The evidence further discloses that on February 10, 1948, claimant took his vacation and worked on his farm from February 10, to February 23, 1948; that he returned to work for respondent on February 24, 1948. The evidence further discloses that claimant had a heart condition prior to the date of the alleged accident.
The State Industrial Commission at the first hearing entered the following order:
"That under the evidence in this case, claimant did not sustain an accidental injury arising out of and in the course of his employment as defined by the Workmen's Compensation Law of the State of Oklahoma, and therefore his claim for compensation should be denied."

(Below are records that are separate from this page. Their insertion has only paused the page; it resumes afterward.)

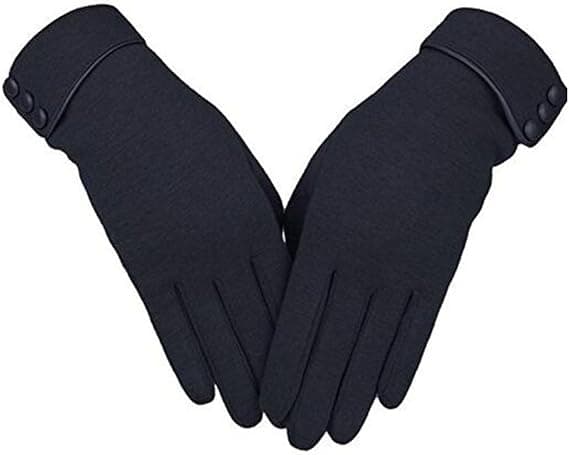 2 Pairs Thick Lined Windproof Touchscreen Gloves for Women DXGHC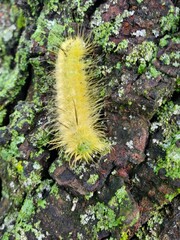 close up of a caterpillar
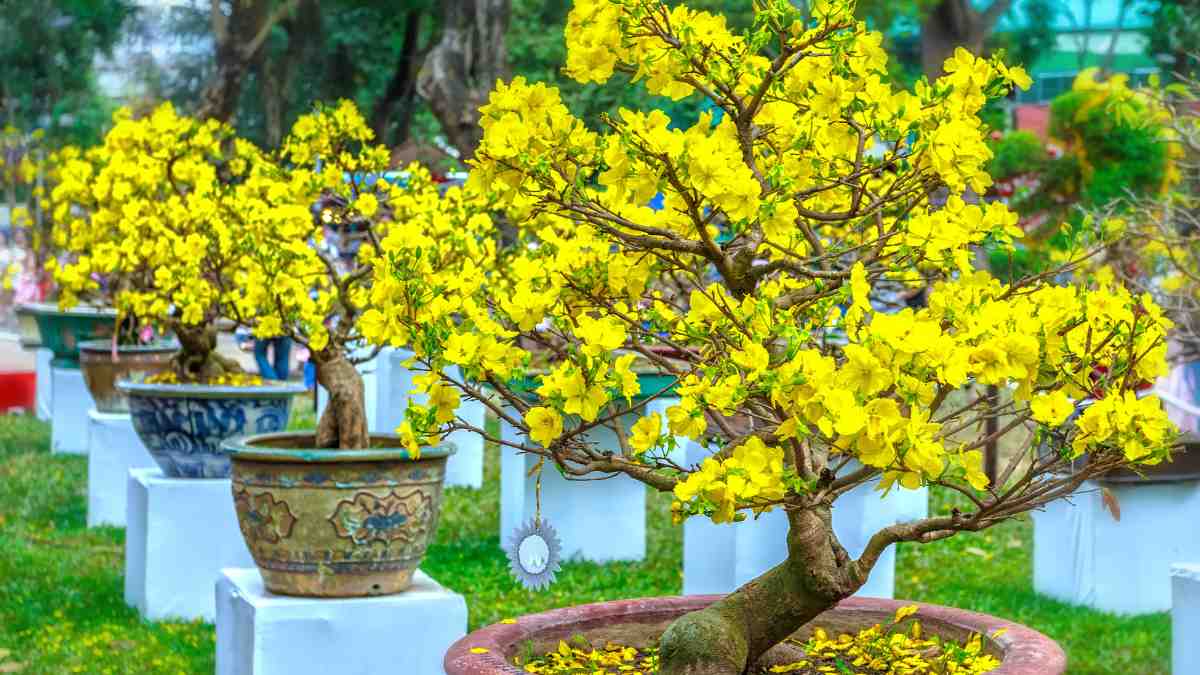 Hình nền hoa Mai ngày Tết 3D sắc nét Hình nền hoa Mai ngày Tết 3D sắc nét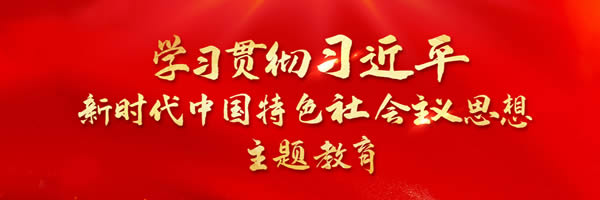 學(xué)習(xí)貫徹習(xí)近平時(shí)代中國特色社會主義思想主題教育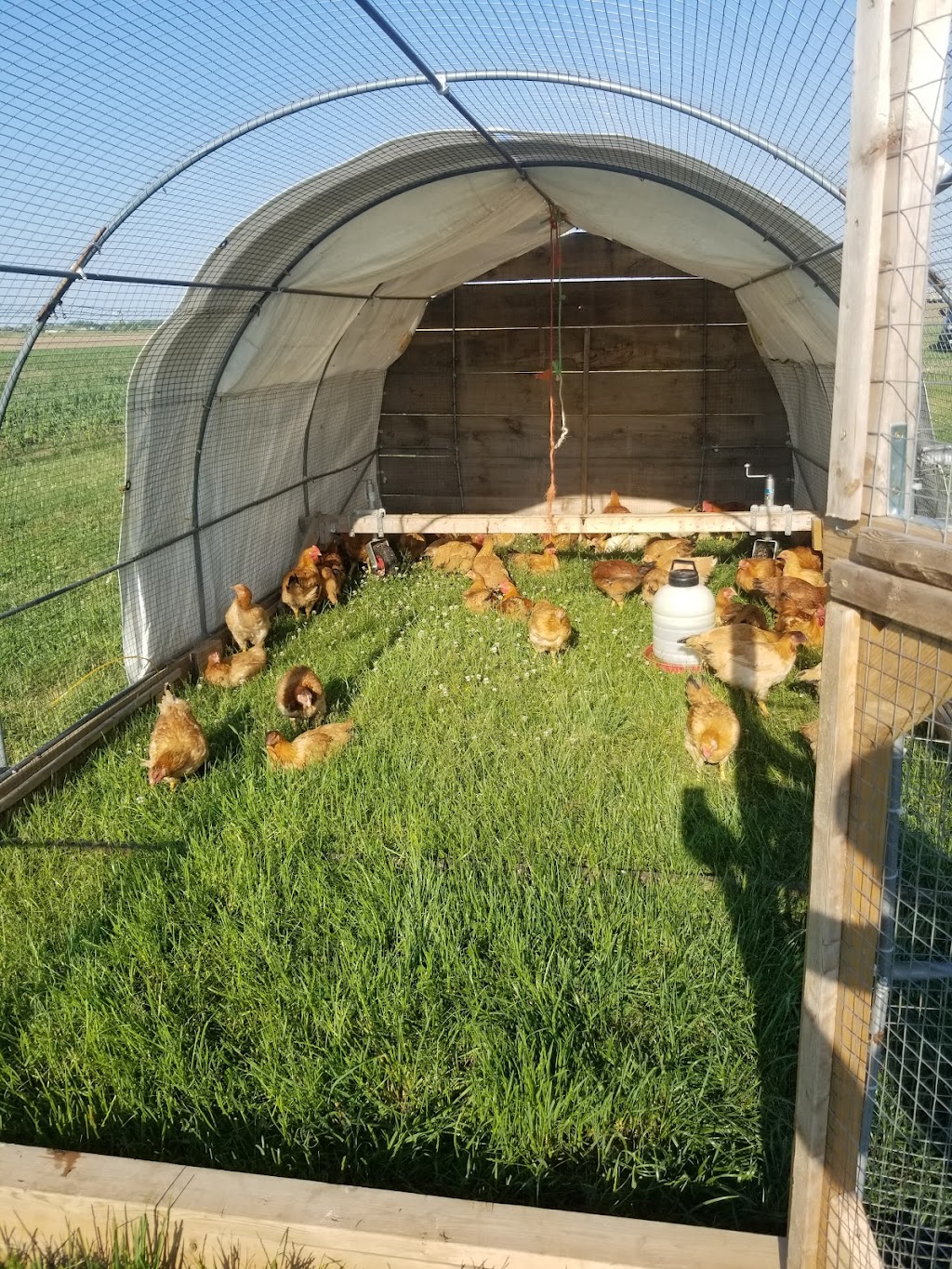 Rosenglitter Care Farm | 8061 2 Line, Arthur, ON N0G 1A0, Canada | Phone: (519) 831-6423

From this order claimant appealed to the Supreme Court, and in Allison v. Bareco Oil Co., 203 Okla. 615, 225 P.2d 167, this court remanded the proceeding to the State Industrial Commission for the reason that at the time the order was entered, Gulf Oil Corp. v. Rouse, 202 Okla. 395, 214 P.2d 251, was pending on petition for rehearing, and at the time of the decision in Allison v. Bareco Oil Co., supra, that case had been rewritten and had become final. Therein the court stated:
"Claimant's disability was a result of a heart attack which he alleges occurred under such circumstances that it constituted an accidental personal injury under the provisions of the Workmen's Compensation Law. The factual situation herein is, in some respects, similar to that in the case of Gulf Oil Corporation v. Rouse et al., No. 33,022. * * *"
At the trial conducted following this proceeding there was no further evidence introduced in the case and the cause was submitted upon the evidence adduced at the former trial. The State Industrial Commission entered an award for claimant.

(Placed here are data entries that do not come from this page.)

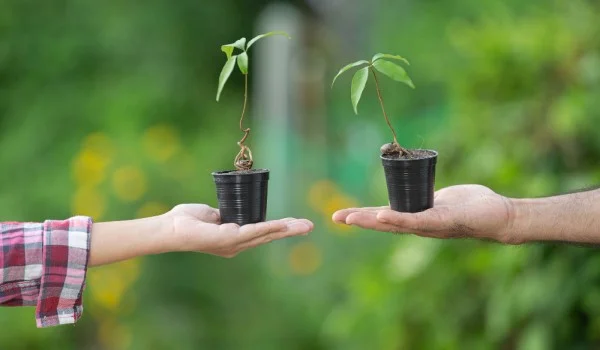 Dos manos sosteniendo una pequeña planta cada una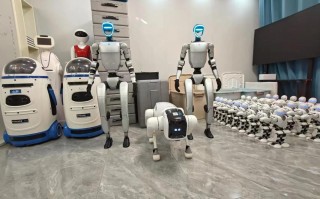 上海哪里能租到阿尔法机器人？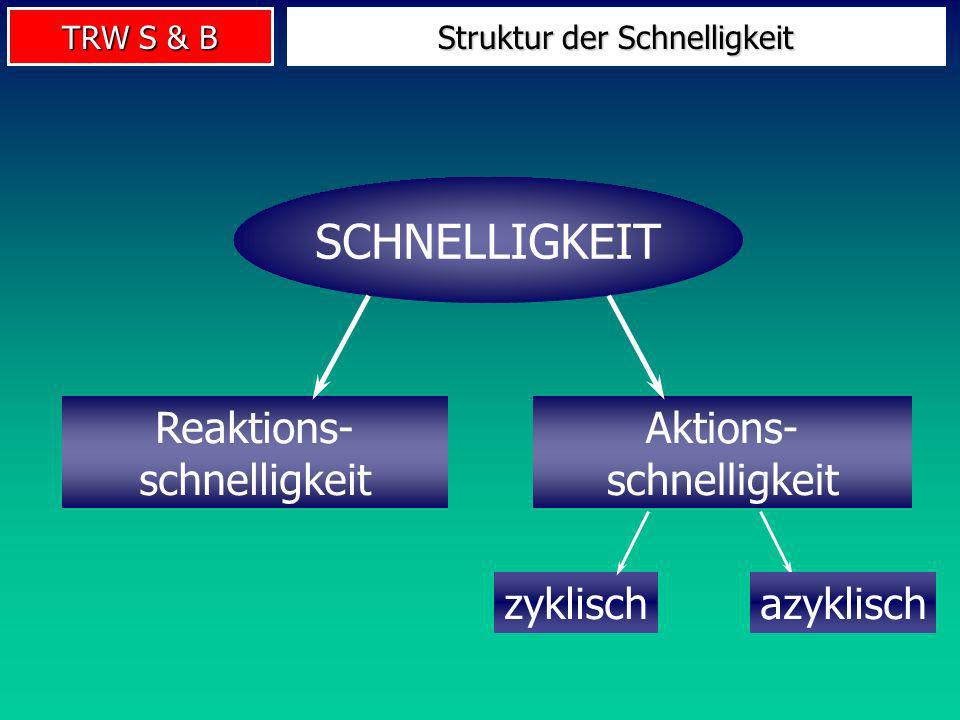 antizipation im activity meaning essay antizipation im or her recreation standard essay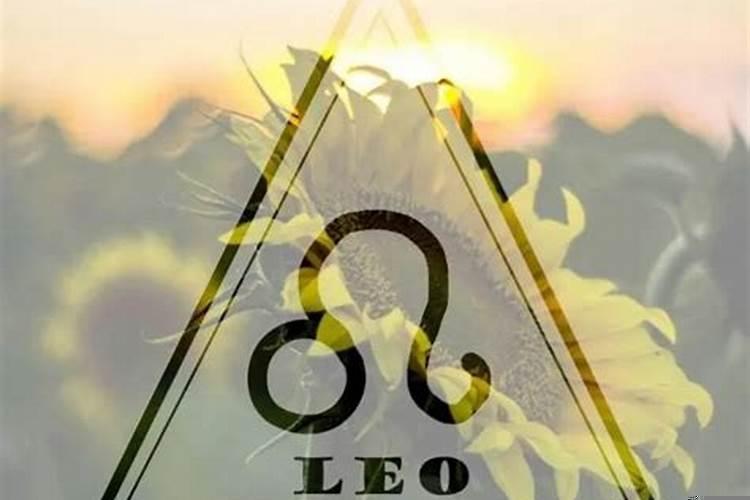 12星座爱情深度解析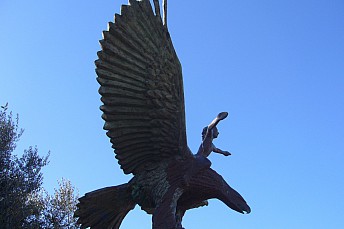 El aguila y el niño (Lloret de Mar)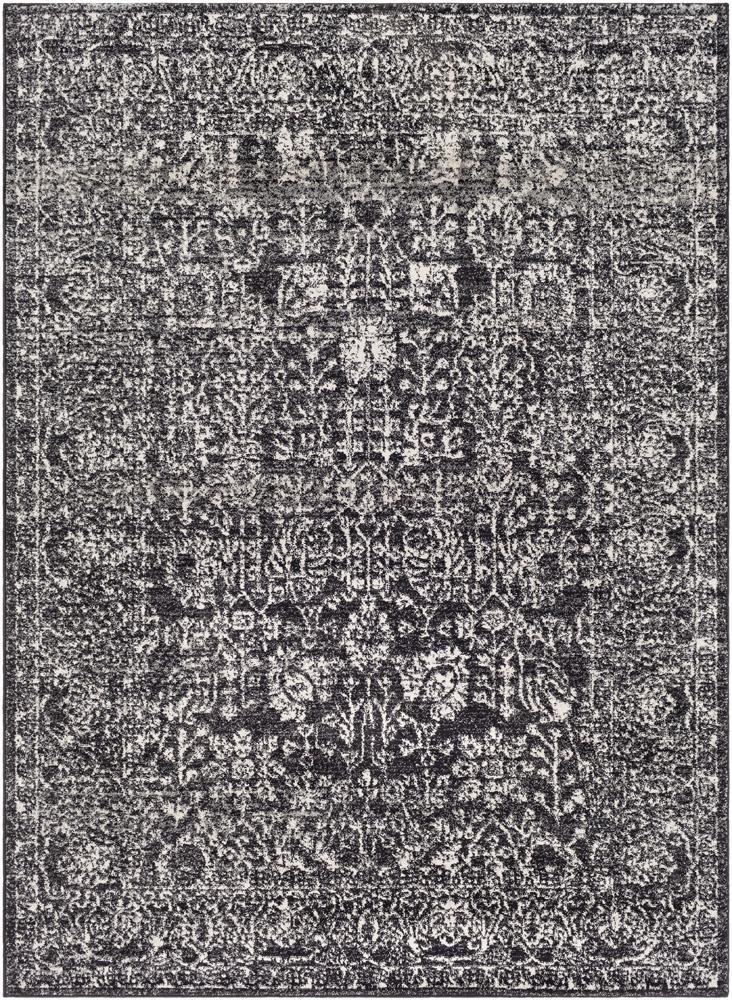 Livabliss - Harput 53inx73in Machine Woven Rug - HAP1028-5373 veiw 1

The petitioner appeals and raises the single issue in three separate propositions that the State Industrial Commission erred as a matter of law in finding that the disability of claimant resulted from an accidental injury. It is therefore unnecessary to review the specific terms of the award.
We are of the opinion that in Allison v. Bareco Oil Co., supra, this court assumed that the evidence was sufficient to establish the accidental injury, and that the disability was occasioned by such injury. It is, therefore, left for us to make a definite determination on that issue. We have said that whether or not an accidental injury arises out of and in the course of the employment is a question of fact and if there is any competent evidence to establish the fact, this court will not review the evidence and vacate the award. Standish Pipe Line Co. v. Johnson, 197 Okla. 238, 169 P.2d 1018. In this connection, the only new argument presented in this proceeding that was not presented in the former proceeding is that the testimony discloses without dispute that claimant was suffering from a coronary occlusion, and that at the most the evidence reveals that by reason of such diseased condition of his heart he was unable to do heavy labor and therefore the disability could not arise out of an accidental injury.
In City of Kingfisher v. Jenkins, 168 Okla. 624, 33 P.2d 1094, we stated:
"Where, in a proceeding before the Industrial Commission, the disability alleged to exist is of such character as to require skilled and professional men to determine the cause and extent thereof, the question is one of science and must necessarily be proved by the testimony of skilled professional persons, and a finding of fact based thereon when reasonably supported will not be disturbed."
As reviewed above, the evidence of the expert witnesses for the claimant is sufficient to establish that there was an accidental injury and that the disability resulted from such injury.
Award sustained.
HALLEY, V.C.J., and CORN, GIBSON, DAVISON, JOHNSON, and BINGAMAN, JJ., concur.